Ingredients
Scale
INGREDIENTS FOR 🥄 SWEET POTATO CASSEROLE
Sweet Potato Base
-
- 4–5 medium sweet potatoes, peeled and chopped
-
- 1/2 cup unsalted butter, melted
-
- 1/2 cup brown sugar
-
- 1/4 cup milk
-
- 1 tsp vanilla extract
-
- 1/2 tsp salt
-
- 1/2 tsp cinnamon
-
- Optional: 1/4 tsp nutmeg
Marshmallow Topping
-
- 2 cups mini marshmallows (or large marshmallows cut in half)
Instructions
👩🍳 STEP-BY-STEP INSTRUCTIONS
1. Cook the Sweet Potatoes
- Peel and chop the sweet potatoes into roughly 2-inch chunks for even cooking.
- Place them in a large pot, cover with cold water, and bring to a boil.
- Reduce heat and simmer until tender (20–25 minutes).
- Drain well and transfer to a large mixing bowl or pot.
2. Mash the Sweet Potatoes
- Mash the sweet potatoes with a potato masher or hand mixer until mostly smooth, leaving a few small chunks for texture.
- Stir in melted butter, brown sugar, milk, vanilla extract, salt, cinnamon, and nutmeg (if using).
- Taste and adjust sweetness or seasoning as desired.
- Transfer the mash to a greased 9×13-inch baking dish and smooth the surface with a spatula.
3. Add the Marshmallow Topping
- Scatter mini marshmallows evenly over the sweet potato layer.
- For best results, press marshmallows lightly into the mash to help them adhere.
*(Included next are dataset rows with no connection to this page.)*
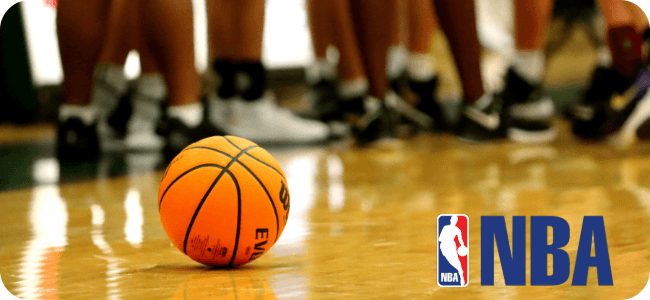 Um maestro regendo a Orquestra Filarmônica de Auckland em uma grande sala de concertos.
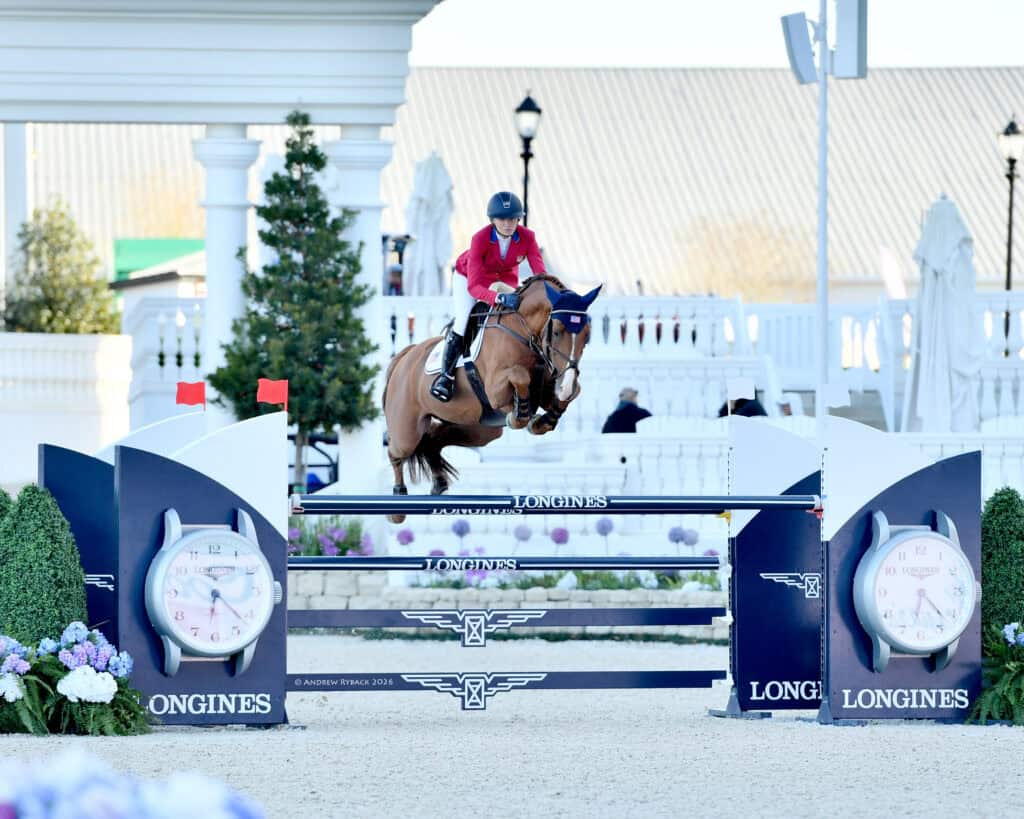A rider in a red jacket and helmet guides a horse over a high Longines-branded jump at an equestrian event, with a white pavilion in the background.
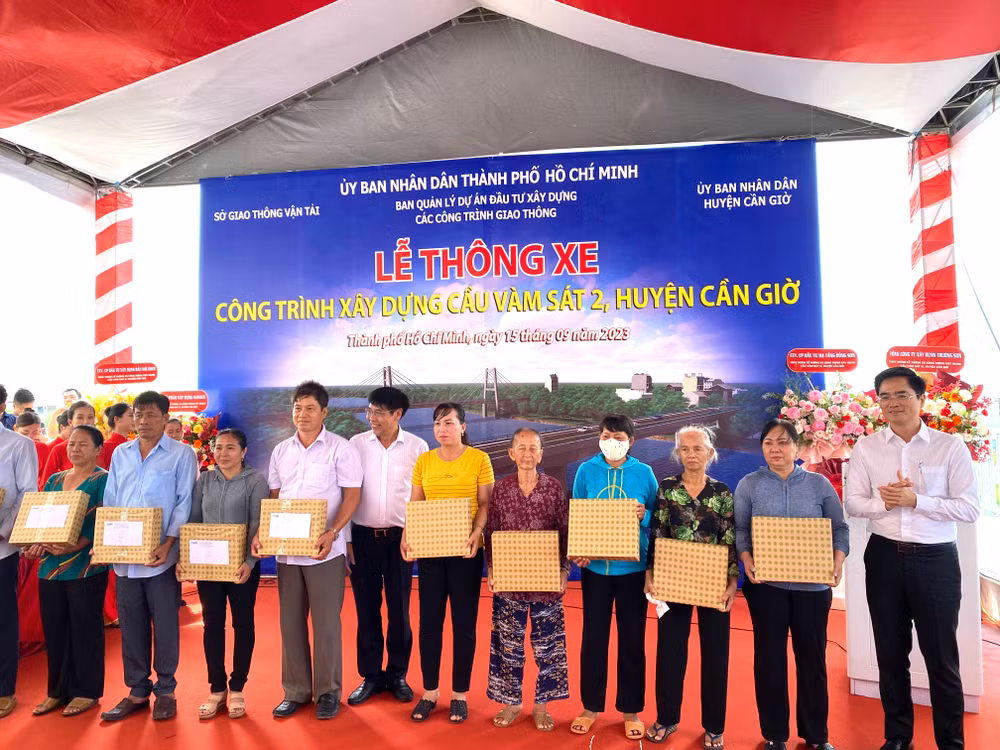 Lãnh đạo địa phương tặng quà cảm ơn bà con nhân dân tích cực giao mặt bằng để công trình cầu Vàm Sát 2 sớm được thi công hoàn tất.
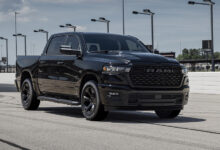 Black 2026 Ram 1500 HEMI V8 on racetrack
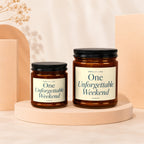 Two amber glass candles with black lids and cream labels.
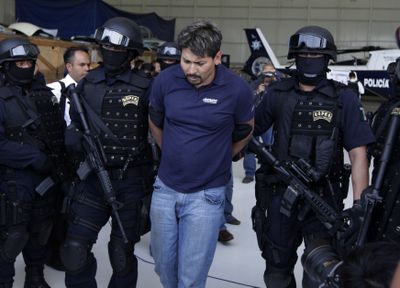 Police escort Arnold Rueda Medina, an alleged coordinator for the Mexican drug cartel known as La Familia,  in Mexico City on Saturday.  (Associated Press / The Spokesman-Review)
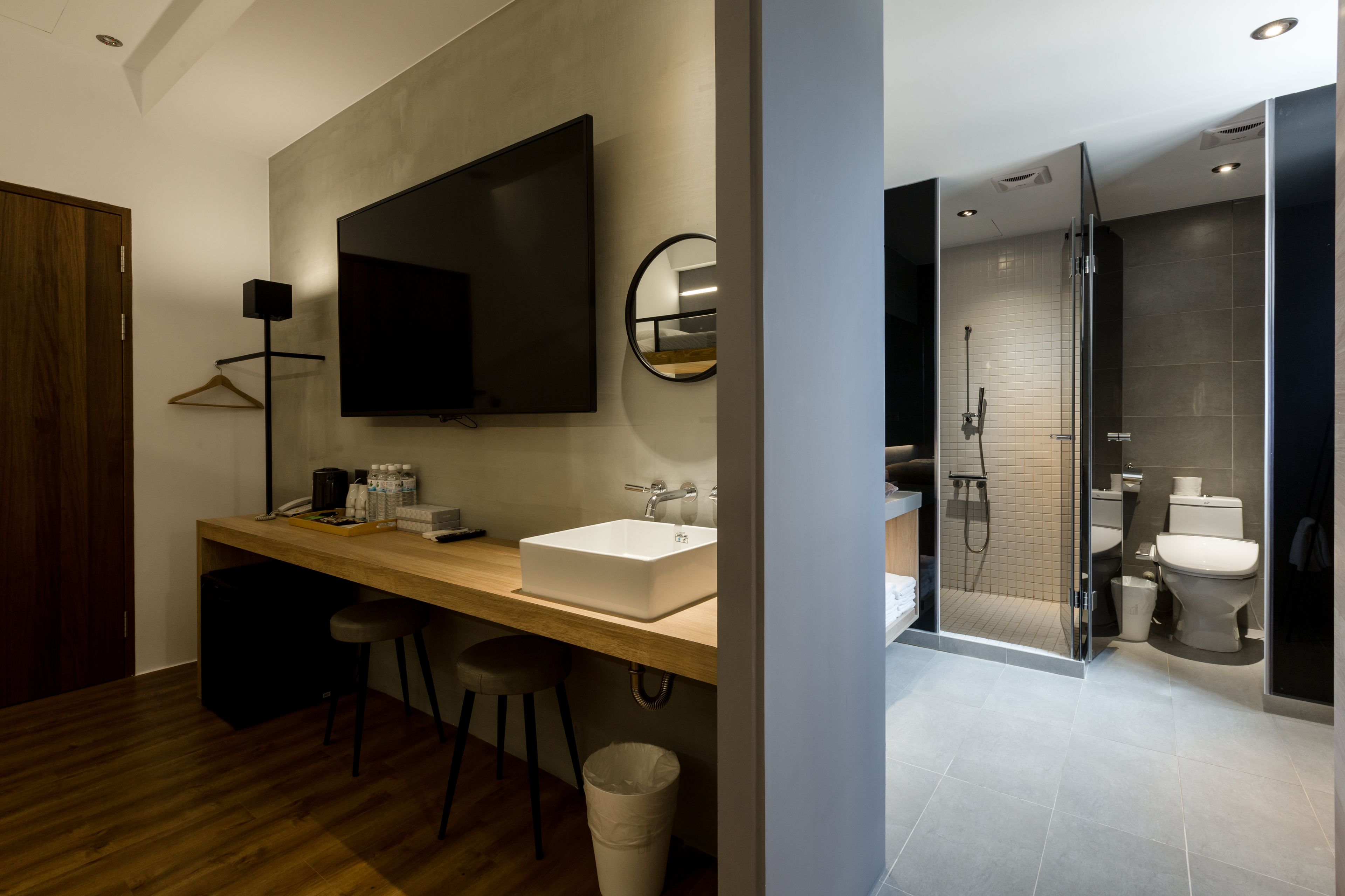 A modern bathroom with a large mirror, a sink, a toilet, and a shower area.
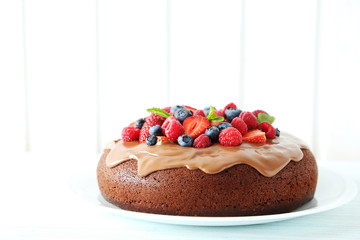 Homemade chocolate cake with berries on white wooden table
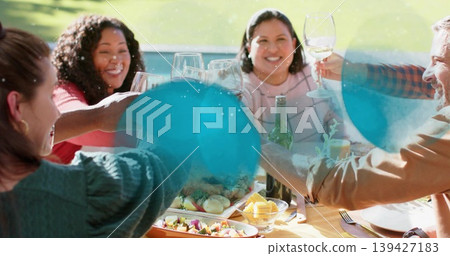 Clinking glasses six diners in casual clothes leaning around backyard table with yellow tablecloth Clinking glasses six diners in casual clothes leaning around backyard table with yellow tablecloth 139427183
- Ensure an even layer for uniform browning.
4. Bake the Casserole
- Preheat oven to 350°F (175°C).
- Bake uncovered for 20–25 minutes until the casserole is heated through and the marshmallows begin to puff.
5. Toast the Marshmallows
- For a golden toasted top, switch oven to broil on high for 1–3 minutes.
- Keep a close eye — marshmallows can go from golden to burnt in seconds.
- Rotate the dish as needed for even browning.
6. Cool & Serve
- Let the casserole rest 5–10 minutes before serving.
- Scoop into bowls or onto plates and enjoy the warm, gooey marshmallow topping with creamy sweet potato mash.